Sophie grabbed it and shoved it in her pocket, then pushed the box back into its secret spot and replaced the brick. Taking the stairs by twos, she dashed to her room and grabbed the doll.

Panting, Sophie ran out of the house. She hugged Nurse one last time before climbing onto the carriage seat beside Mariah, who was clutching her own doll tightly. The driver closed the door and tipped his hat to Mama. She didn’t say a word, not to him or her foster daughters.

The carriage started forward, and Sophie glanced one last time out the window. Nurse had tears on her face, but Mama looked grimly satisfied. Sophie reached her hand inside her pocket and felt the watch and its linked golden chain. She rubbed her thumb over and over the scrolled decoration on the front of it.
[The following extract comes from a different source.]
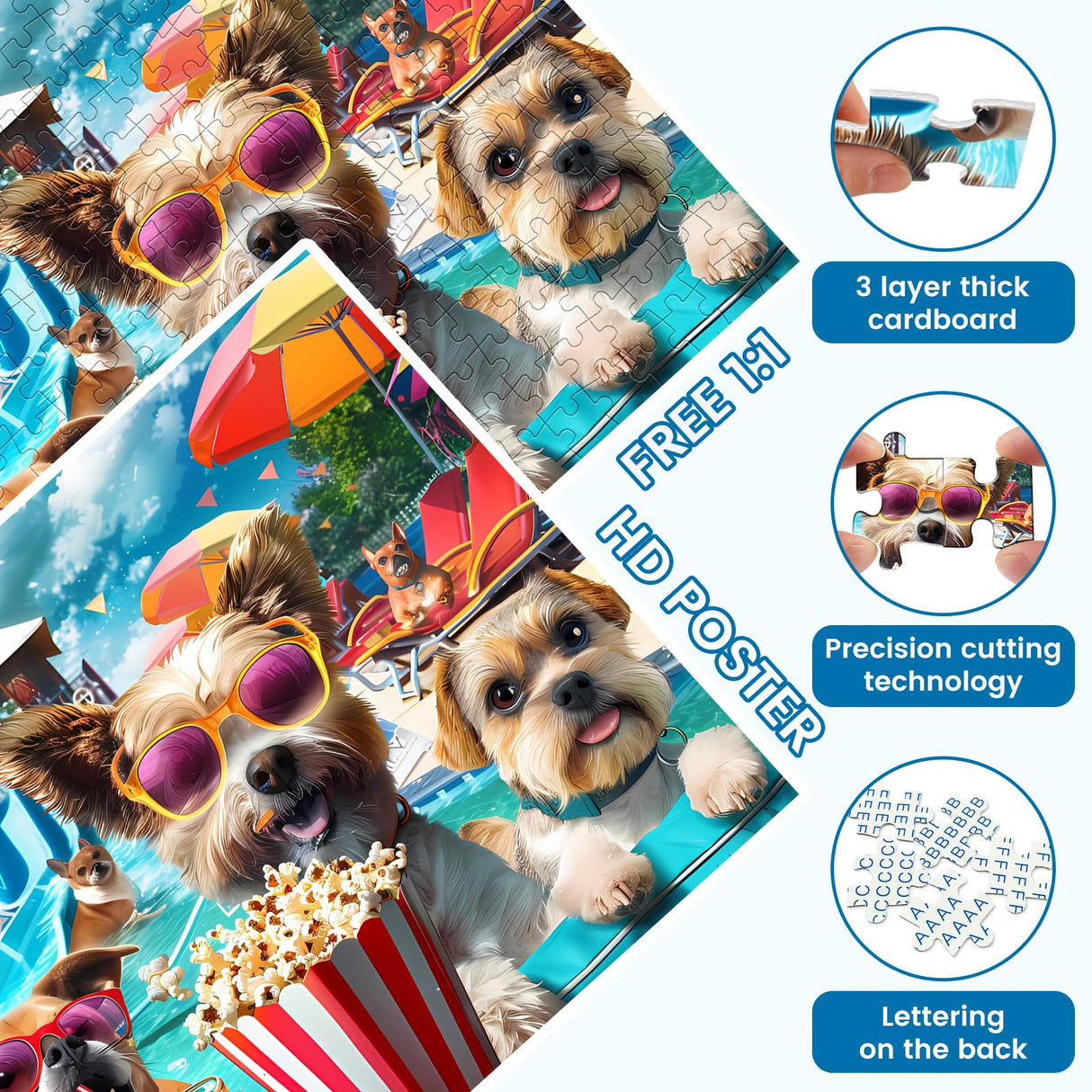 300 Piece Jigsaw Puzzle for Adults, Fun at The Amusement Park Dog Puzzles, Funny Puppy Jigsaw Puzzles, Animal Pet Lover Challenging Puzzles for Friends Family Activity Game Nights Gifts VOLUVOLU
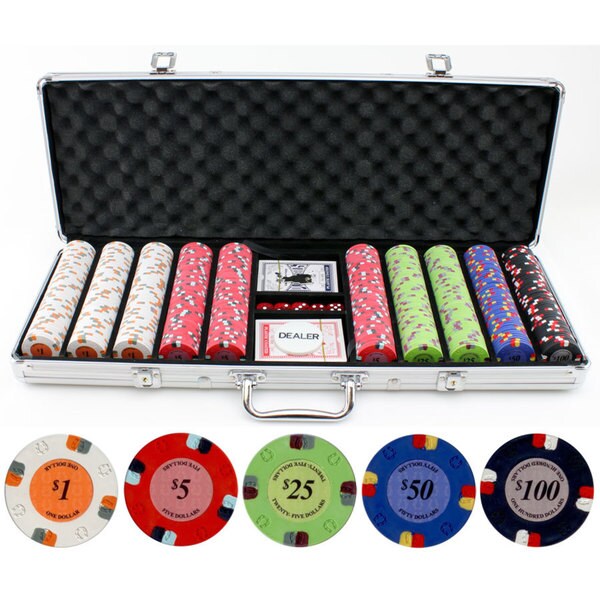 13.5-gram 500-piece Lucky Horseshoe Clay Poker Chips Set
Papa would come for his pocket watch. He would come for her and Mariah.

 

* * *

 

After several hours, the carriage stopped in front of a narrow row house with peeling red paint. There was a sign in the front window that read CLOCKS AND REPAIRS. Mariah clutched her doll with one hand and Sophie’s hand with the other. She inched closer to her twin, feeling less afraid with her near.

“Why did the driver bring us to a clock shop?” Mariah asked. “Do you think there’s been some mistake?”
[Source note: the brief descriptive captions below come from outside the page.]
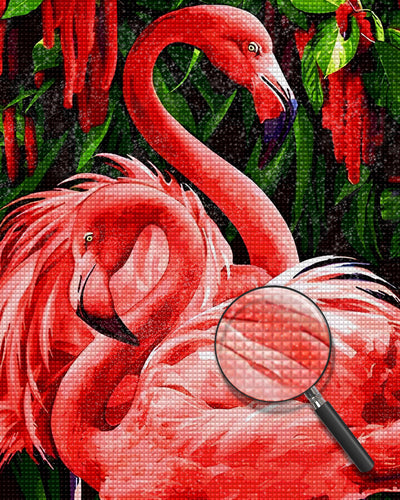 Ein Paar rote Flamingos Diamond Painting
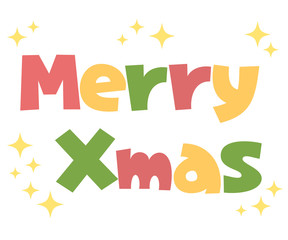 クリスマスカラー（赤・緑・黄色）のMerry Xmasロゴ　白背景・ベクター素材
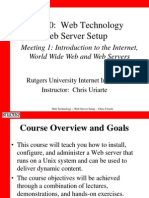 ITI-520: Web Technology Web Server Setup: Meeting 1: Introduction To The Internet, World Wide Web and Web Servers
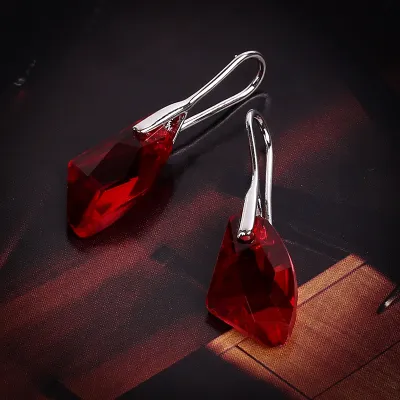 Creative Crystal Stone Pendant Design Geometric Alloy Drop Earrings for Women
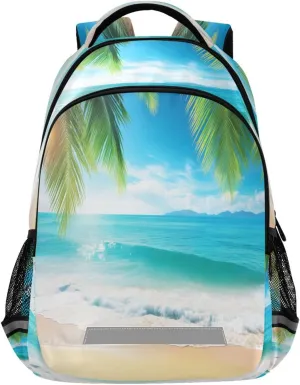 Sea Beach Palm Tree Design Waterproof Backpack - Casual Outdoor Sports Daypack with Ergonomic Shoulder Straps#234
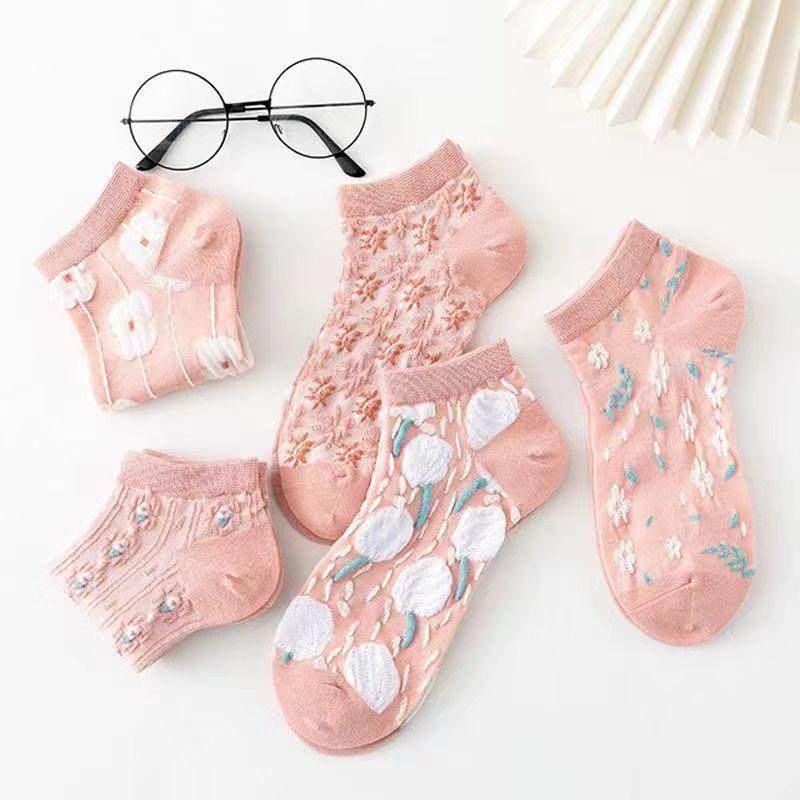 Female Spring and Summer Sweet Floral Lovely College Wind Invisible Socks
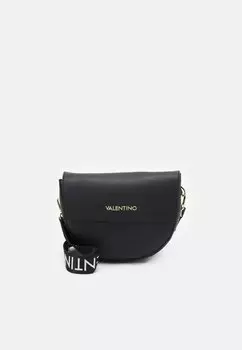 Сумка-седло Valentino с надписью на ремне, черный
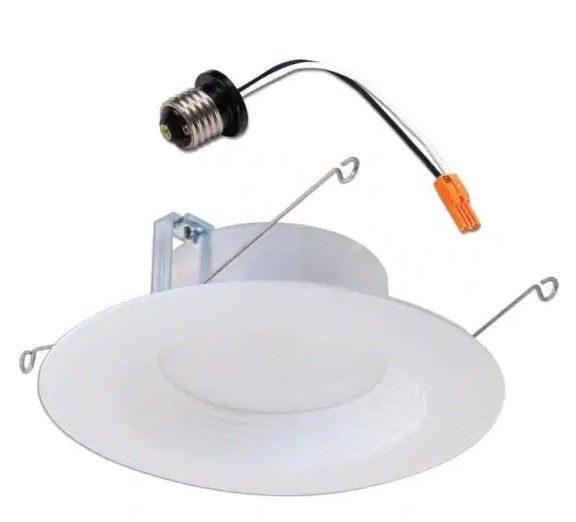 Photo 1 of 5 in. and 6 in. 2700K Integrated LED Recessed Ceiling Light Retrofit Trim at 90 CRI Warm White Title 20 Compliant
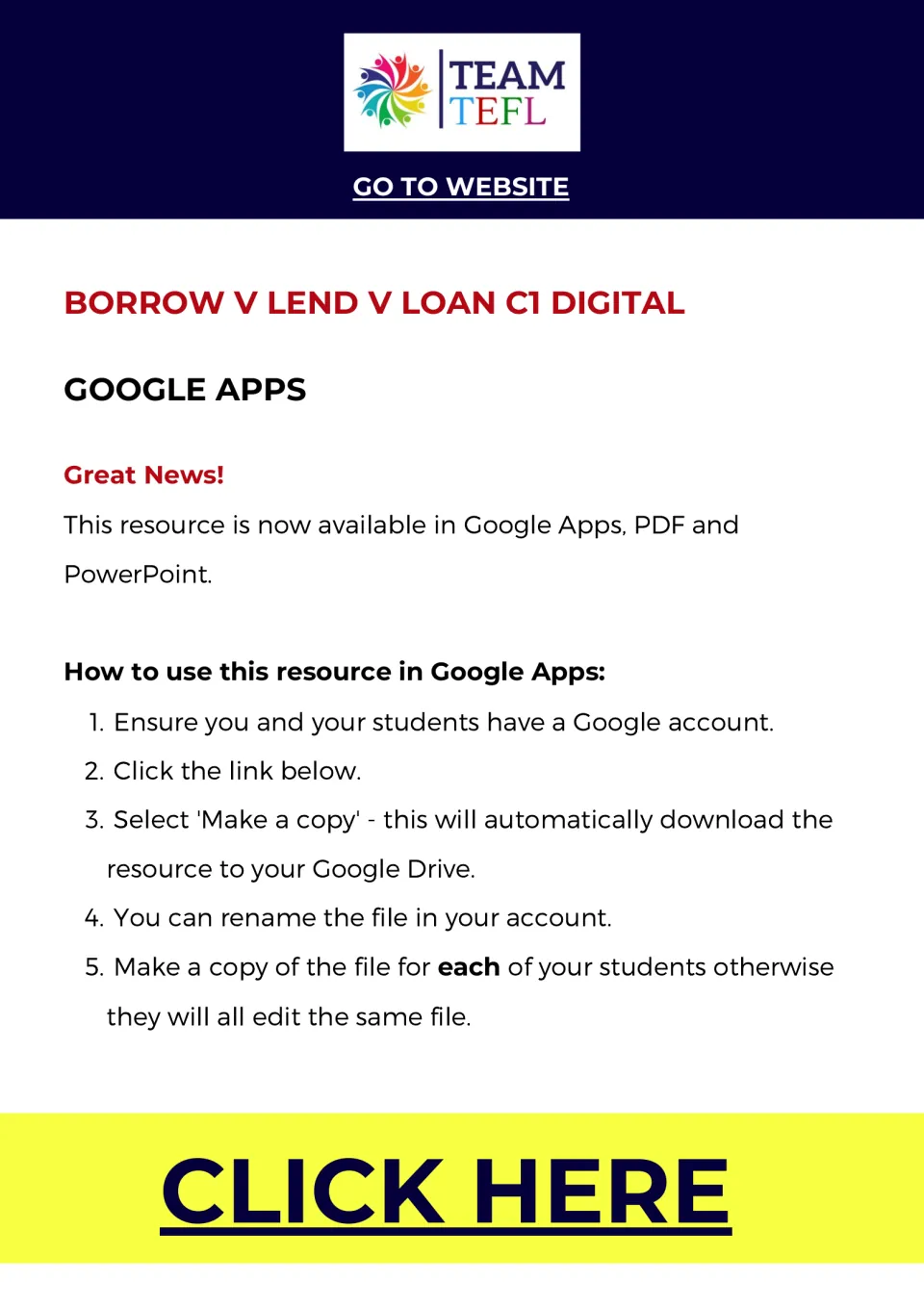 Google Apps access instructions for the C1 lesson on borrow, lend, and loan, including making student copies.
Before her sister could answer, the driver opened the door and held out his hand to Sophie. He helped Mariah out next and then untied their trunk from the back of the carriage. He placed it in front of the door to the clock shop and knocked three times. Mariah was afraid he would leave them, but he waited until a woman answered the door. She was younger than Mama, but her face was already harshly lined. Her light hair was combed back in a severe bun, and her eyes were a color between gray and blue. The woman’s dress was dark and very worn, nothing like the bright silk gowns that their Mama wore.